— TO DO —
In the listing below, start your output at the line with "Océano Pacífico ..." and end it after the line with "بعد النجاح الكبير", copying every line exactly.

— MATERIAL TO PROCESS —
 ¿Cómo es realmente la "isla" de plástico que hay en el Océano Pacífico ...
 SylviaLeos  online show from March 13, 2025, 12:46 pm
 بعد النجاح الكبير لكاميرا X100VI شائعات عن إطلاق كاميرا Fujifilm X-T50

* * *

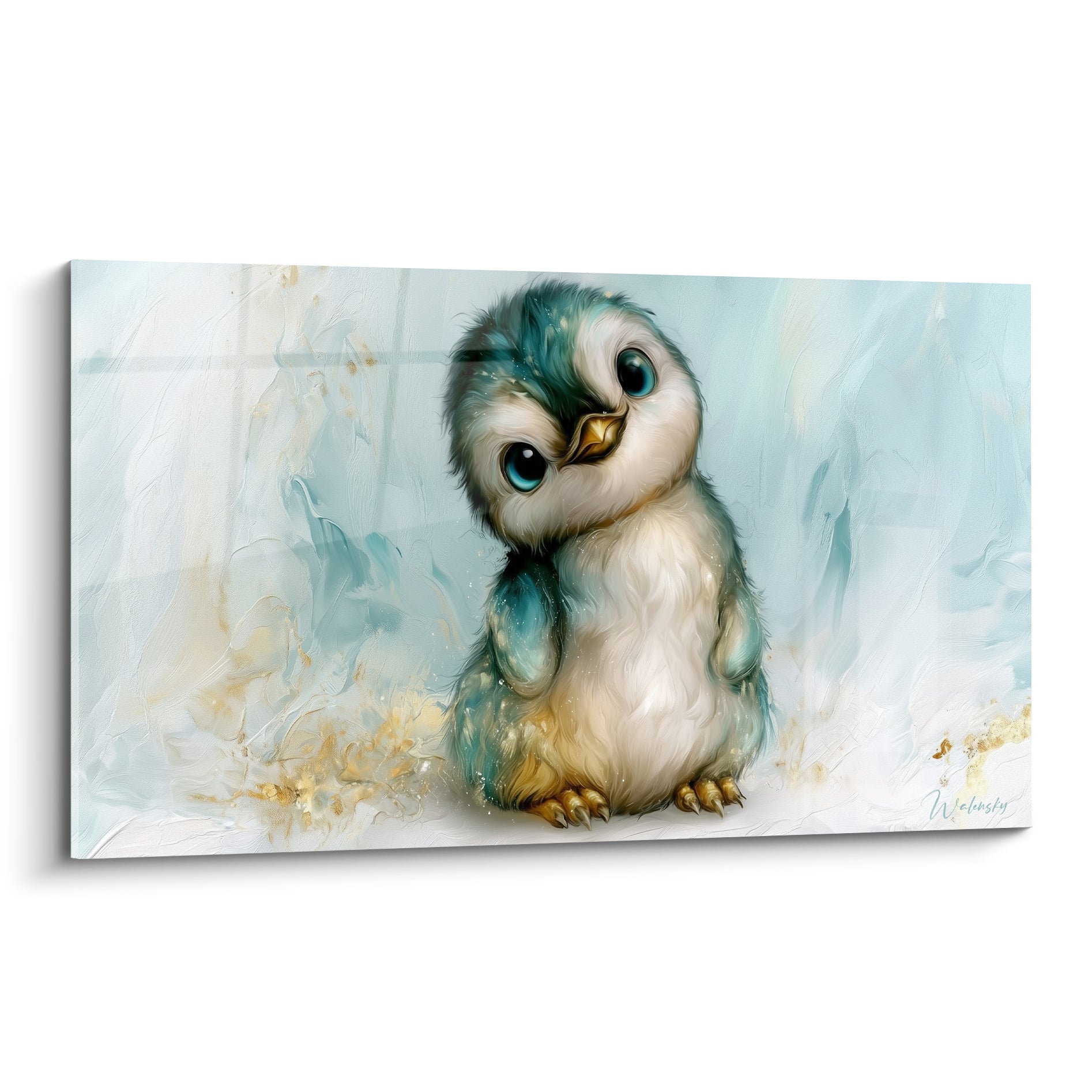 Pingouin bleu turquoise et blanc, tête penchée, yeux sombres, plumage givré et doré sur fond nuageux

— REPLY —
 ¿Cómo es realmente la "isla" de plástico que hay en el Océano Pacífico ...
 SylviaLeos  online show from March 13, 2025, 12:46 pm
 بعد النجاح الكبير لكاميرا X100VI شائعات عن إطلاق كاميرا Fujifilm X-T50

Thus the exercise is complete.